═════ Data for the task ═════

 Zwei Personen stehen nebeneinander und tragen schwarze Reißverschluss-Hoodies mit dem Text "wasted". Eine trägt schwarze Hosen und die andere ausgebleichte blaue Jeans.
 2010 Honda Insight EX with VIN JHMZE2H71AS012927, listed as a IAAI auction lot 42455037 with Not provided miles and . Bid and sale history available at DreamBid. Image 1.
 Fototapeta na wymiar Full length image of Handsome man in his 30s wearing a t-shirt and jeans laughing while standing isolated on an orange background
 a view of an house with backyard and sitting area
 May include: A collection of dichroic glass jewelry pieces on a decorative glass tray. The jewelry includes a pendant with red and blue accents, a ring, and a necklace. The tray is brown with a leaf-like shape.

═════
═════ Data for the task ═════

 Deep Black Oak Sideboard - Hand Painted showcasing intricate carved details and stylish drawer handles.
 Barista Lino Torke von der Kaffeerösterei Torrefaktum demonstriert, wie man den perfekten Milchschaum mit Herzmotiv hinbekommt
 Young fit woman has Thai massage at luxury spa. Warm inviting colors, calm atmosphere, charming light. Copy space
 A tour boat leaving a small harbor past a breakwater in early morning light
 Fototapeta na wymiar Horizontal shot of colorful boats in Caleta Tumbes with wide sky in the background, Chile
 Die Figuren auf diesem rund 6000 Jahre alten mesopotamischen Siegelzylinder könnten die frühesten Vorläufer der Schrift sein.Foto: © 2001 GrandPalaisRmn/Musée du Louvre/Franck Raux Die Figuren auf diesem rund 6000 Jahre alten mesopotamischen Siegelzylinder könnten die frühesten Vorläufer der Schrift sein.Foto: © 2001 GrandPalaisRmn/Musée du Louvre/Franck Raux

═════

Print, from the entries above, the line with "Fototapeta na wymiar Full", the line with "May include: A" and all lines between them, exactly and with nothing else.

_Output_
 Fototapeta na wymiar Full length image of Handsome man in his 30s wearing a t-shirt and jeans laughing while standing isolated on an orange background
 a view of an house with backyard and sitting area
 May include: A collection of dichroic glass jewelry pieces on a decorative glass tray. The jewelry includes a pendant with red and blue accents, a ring, and a necklace. The tray is brown with a leaf-like shape.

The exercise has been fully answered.